House Republicans delivered a point-by-point rebuttal Monday to Democrats’ impeachment efforts, claiming in their own report that the evidence collected in the inquiry to date does not support the accusations leveled against President Trump — or rise to the level of removal from office.
“The evidence presented does not prove any of these Democrat allegations, and none of the Democrats’ witnesses testified to having evidence of bribery, extortion, or any high crime or misdemeanor,” Republicans said in a 123-page report, timed to be made public ahead of the majority Democrats’ impeachment report.
The dueling narratives are emerging following two weeks of House Intelligence Committee hearings, where witnesses detailed their own knowledge of efforts to pressure Ukraine to launch political probes as U.S. aid was withheld over the summer. The committee is set to vote on Democrats’ final report Tuesday – likely to be another party-line moment – before transmitting that document to the Judiciary Committee, which holds its first public hearing Wednesday.
House Intelligence Committee Ranking Member Devin Nunes, R-Calif.; Oversight Committee Ranking Member Jim Jordan, R-Ohio; and Foreign Affairs Committee Ranking Member Michael McCaul, R-Texas, penned the minority report, which has been reviewed by Fox News. In it, they broadly defend the president’s actions in the face of accusations he withheld military aid and a White House meeting as leverage to pressure Ukraine to launch a probe involving the Bidens.
“The Democrats’ impeachment inquiry is not the organic outgrowth of serious misconduct; it is an orchestrated campaign to upend our political system,” the Republicans wrote.
They added: “This impeachment inquiry and the manner in which the Democrats are pursuing it sets a dangerous precedent.”
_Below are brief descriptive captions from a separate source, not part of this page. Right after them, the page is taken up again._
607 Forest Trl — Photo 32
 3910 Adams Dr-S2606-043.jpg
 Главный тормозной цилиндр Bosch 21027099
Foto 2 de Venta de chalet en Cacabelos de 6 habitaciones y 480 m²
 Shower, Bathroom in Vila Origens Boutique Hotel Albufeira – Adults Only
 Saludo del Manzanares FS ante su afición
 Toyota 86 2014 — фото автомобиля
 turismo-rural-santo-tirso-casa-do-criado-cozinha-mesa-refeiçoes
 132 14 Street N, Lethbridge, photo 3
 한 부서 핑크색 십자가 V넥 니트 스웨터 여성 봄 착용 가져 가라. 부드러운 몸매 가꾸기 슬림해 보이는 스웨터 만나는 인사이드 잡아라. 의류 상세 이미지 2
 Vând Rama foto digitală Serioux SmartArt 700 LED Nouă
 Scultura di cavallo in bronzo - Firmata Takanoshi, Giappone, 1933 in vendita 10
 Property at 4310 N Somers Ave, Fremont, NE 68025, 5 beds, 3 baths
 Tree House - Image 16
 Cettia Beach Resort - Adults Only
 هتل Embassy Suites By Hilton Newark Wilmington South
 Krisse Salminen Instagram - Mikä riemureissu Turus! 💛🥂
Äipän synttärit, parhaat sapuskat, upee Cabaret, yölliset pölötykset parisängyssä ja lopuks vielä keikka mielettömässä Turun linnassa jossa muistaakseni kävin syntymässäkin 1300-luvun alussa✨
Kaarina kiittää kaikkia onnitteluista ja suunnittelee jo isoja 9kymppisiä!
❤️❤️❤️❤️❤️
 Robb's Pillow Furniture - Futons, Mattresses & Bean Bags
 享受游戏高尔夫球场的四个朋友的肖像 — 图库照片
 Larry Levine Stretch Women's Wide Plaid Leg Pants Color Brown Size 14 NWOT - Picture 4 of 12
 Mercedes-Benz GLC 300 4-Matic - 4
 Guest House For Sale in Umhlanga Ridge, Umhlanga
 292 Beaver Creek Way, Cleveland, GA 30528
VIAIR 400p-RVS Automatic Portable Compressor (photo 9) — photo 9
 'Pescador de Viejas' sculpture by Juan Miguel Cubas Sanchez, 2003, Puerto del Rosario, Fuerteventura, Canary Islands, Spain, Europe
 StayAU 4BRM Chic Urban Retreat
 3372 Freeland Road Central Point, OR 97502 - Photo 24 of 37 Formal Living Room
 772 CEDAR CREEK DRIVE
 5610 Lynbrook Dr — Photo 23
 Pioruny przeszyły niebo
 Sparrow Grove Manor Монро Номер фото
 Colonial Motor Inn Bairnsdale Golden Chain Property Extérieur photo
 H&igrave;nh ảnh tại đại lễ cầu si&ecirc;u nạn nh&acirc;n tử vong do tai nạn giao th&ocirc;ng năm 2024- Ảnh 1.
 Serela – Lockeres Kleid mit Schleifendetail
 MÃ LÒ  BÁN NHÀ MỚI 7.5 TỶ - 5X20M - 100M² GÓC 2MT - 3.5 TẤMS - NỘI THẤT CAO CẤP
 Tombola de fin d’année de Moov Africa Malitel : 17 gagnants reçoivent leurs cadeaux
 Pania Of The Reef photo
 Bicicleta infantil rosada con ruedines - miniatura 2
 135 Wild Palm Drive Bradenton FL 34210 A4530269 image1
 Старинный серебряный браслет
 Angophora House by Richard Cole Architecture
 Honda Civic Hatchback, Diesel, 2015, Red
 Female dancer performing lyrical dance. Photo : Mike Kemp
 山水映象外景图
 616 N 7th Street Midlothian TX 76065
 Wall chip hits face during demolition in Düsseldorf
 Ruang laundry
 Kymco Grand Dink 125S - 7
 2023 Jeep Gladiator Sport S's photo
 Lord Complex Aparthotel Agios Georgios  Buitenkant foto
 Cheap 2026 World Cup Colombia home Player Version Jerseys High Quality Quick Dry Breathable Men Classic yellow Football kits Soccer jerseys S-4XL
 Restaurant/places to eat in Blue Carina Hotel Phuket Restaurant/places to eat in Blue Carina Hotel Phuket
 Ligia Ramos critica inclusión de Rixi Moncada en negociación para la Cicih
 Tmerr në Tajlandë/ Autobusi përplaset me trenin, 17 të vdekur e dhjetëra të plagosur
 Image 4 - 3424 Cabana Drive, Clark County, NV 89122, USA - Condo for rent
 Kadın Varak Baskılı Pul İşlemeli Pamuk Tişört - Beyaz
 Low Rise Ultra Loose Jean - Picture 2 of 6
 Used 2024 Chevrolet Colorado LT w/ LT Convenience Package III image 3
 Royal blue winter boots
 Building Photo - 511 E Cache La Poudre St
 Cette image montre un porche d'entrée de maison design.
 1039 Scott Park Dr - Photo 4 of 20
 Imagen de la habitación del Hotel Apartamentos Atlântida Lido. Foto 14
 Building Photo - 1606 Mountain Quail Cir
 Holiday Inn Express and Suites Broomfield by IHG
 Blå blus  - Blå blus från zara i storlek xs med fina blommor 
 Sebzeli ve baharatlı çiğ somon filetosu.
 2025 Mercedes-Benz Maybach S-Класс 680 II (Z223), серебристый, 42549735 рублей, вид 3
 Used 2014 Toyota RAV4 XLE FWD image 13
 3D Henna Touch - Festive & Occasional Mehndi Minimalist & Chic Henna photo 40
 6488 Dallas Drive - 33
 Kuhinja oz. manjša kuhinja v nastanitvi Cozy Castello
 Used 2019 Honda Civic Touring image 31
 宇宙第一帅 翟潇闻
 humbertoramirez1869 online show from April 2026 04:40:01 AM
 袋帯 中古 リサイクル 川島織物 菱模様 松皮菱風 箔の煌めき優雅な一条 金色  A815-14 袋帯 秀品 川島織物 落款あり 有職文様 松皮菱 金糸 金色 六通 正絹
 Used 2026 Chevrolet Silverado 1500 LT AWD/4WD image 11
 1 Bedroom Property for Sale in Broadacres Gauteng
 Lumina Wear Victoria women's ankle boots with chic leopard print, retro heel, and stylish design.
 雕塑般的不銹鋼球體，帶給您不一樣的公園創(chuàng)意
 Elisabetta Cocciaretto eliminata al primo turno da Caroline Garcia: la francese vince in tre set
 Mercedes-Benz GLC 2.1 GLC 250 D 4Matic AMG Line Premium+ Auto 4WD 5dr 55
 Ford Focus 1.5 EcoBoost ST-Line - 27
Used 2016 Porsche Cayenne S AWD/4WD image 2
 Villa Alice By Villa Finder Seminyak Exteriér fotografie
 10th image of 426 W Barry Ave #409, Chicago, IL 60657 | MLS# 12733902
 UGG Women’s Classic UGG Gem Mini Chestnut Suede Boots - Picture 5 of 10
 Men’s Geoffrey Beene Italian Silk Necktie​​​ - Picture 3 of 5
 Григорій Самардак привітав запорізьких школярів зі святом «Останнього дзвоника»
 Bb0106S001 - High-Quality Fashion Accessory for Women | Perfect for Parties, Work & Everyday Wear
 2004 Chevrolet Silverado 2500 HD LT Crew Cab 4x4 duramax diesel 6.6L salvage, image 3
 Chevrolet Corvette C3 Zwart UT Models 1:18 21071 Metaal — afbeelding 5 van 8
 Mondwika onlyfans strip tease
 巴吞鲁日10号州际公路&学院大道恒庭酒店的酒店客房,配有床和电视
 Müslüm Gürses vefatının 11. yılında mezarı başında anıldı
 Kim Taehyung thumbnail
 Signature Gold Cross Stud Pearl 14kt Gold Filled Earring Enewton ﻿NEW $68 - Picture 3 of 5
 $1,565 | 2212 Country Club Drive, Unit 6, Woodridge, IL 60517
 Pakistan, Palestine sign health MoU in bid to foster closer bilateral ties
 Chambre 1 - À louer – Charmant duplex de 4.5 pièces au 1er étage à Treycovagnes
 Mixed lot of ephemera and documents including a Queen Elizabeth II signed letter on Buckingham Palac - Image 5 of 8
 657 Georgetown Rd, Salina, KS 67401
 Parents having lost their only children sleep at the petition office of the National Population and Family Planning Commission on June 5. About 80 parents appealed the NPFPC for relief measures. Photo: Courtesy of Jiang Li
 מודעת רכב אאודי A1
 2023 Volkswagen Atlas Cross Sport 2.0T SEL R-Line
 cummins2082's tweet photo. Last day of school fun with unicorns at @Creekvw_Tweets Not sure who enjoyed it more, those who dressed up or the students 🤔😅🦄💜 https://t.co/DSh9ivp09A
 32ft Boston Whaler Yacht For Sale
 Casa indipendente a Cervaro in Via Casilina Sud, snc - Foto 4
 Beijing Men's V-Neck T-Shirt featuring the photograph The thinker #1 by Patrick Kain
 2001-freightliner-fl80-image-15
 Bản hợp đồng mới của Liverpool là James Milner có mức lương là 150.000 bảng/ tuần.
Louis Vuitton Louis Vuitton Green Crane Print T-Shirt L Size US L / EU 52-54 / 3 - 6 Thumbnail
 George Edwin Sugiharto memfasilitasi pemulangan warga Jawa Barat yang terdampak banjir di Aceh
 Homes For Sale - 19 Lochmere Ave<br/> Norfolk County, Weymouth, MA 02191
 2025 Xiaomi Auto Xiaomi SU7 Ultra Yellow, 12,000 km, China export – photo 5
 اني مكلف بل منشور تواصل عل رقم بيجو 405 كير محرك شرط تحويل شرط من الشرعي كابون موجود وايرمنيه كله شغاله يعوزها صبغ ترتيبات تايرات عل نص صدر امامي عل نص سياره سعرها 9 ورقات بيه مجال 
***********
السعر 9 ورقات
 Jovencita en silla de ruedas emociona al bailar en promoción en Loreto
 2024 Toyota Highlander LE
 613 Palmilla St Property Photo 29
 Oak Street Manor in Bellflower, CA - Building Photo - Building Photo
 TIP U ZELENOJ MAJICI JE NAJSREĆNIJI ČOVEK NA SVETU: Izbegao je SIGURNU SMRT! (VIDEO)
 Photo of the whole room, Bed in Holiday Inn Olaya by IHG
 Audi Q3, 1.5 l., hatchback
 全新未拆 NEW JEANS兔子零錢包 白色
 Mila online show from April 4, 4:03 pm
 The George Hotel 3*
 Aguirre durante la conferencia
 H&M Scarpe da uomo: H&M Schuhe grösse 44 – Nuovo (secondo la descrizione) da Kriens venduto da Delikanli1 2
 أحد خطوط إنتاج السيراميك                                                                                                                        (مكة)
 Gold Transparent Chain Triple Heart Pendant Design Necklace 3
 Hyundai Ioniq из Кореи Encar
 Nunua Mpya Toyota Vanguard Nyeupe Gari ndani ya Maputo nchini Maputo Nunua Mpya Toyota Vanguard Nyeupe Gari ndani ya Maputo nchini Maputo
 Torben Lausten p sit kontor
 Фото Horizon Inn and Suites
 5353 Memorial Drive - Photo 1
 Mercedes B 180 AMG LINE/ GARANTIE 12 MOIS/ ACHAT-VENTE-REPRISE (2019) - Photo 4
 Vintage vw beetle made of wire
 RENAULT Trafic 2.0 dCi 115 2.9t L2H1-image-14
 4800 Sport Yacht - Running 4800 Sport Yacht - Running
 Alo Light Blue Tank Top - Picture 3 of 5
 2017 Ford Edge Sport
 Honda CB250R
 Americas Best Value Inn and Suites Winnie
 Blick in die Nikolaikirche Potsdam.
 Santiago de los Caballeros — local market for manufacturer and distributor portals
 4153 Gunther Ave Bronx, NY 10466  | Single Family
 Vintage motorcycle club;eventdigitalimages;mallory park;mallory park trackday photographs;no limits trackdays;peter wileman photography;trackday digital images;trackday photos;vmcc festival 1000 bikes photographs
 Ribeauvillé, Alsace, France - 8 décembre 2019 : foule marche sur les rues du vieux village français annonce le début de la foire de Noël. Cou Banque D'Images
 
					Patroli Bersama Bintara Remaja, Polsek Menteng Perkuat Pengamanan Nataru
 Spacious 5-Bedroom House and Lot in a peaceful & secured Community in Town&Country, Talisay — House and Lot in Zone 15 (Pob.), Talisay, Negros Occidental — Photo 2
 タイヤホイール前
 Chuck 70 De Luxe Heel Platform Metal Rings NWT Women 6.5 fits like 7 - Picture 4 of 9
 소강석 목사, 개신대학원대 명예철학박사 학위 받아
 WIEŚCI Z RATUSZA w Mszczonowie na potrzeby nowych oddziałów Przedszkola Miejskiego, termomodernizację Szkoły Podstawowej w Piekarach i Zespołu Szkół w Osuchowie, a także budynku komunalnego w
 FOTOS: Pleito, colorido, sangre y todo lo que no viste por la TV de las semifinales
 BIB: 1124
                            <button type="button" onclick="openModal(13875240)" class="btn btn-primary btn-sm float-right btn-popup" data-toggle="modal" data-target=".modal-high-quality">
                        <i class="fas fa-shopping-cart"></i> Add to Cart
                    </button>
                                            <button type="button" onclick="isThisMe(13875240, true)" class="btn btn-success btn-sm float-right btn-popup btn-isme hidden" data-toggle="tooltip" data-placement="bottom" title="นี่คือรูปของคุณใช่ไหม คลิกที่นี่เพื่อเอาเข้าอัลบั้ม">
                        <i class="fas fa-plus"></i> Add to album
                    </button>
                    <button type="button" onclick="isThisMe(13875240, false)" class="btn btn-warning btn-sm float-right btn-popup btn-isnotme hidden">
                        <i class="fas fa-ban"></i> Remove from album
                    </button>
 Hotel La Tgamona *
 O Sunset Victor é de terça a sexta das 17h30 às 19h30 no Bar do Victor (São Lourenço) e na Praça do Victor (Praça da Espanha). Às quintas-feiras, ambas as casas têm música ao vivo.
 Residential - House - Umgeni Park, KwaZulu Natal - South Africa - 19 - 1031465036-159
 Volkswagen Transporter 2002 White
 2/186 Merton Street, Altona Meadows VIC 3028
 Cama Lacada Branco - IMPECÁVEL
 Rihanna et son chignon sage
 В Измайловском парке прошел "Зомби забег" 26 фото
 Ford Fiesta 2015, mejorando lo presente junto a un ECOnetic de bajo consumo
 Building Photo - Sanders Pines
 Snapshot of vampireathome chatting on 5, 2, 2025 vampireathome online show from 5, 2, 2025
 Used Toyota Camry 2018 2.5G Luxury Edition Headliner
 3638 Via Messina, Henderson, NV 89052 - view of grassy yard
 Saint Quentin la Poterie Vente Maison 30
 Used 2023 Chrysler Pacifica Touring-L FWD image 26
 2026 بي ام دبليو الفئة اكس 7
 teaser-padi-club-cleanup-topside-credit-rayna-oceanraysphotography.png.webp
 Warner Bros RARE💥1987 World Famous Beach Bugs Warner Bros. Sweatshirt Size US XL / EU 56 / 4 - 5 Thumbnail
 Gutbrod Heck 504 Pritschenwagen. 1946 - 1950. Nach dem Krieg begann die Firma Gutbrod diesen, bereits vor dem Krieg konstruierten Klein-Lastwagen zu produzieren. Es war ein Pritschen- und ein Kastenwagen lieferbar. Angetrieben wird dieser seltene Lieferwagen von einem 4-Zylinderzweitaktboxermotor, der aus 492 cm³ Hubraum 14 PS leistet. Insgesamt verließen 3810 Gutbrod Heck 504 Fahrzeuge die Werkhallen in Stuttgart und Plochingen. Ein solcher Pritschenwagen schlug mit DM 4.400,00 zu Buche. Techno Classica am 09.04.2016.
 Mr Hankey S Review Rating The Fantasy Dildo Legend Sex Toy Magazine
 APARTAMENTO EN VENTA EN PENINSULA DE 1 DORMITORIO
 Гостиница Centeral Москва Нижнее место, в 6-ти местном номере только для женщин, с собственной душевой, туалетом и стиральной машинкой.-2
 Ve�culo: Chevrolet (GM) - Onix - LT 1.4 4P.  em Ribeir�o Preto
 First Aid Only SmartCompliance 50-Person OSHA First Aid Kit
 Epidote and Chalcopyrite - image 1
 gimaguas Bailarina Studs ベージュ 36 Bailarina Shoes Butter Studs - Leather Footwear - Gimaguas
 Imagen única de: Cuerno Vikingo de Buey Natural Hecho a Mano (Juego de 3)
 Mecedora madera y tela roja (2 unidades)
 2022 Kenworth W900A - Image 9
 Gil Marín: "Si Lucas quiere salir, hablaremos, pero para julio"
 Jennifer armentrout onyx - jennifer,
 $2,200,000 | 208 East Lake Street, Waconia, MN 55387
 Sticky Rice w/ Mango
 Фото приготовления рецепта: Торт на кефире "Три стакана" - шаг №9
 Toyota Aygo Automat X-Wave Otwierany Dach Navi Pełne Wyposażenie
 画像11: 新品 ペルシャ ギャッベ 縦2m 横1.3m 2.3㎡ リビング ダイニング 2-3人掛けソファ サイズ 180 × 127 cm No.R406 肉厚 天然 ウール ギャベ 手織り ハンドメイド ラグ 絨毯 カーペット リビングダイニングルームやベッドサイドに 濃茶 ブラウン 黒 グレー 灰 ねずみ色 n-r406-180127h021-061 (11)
At the center of the impeachment inquiry, which began in September, is Trump’s July 25 phone call with Ukrainian President Volodymyr Zelensky, in which he asked for an investigation into Joe Biden’s efforts to oust a prosecutor who had been looking into Ukrainian natural gas firm Burisma Holdings, where son Hunter Biden served on the board. That call prompted a whistleblower complaint, and, in turn, the impeachment inquiry.
The president’s request to Zelensky came after millions in U.S. military aid to Ukraine had been frozen, which Democrats and witnesses have claimed shows a “quid pro quo” arrangement. Trump has denied any wrongdoing, and Republicans have defended his position.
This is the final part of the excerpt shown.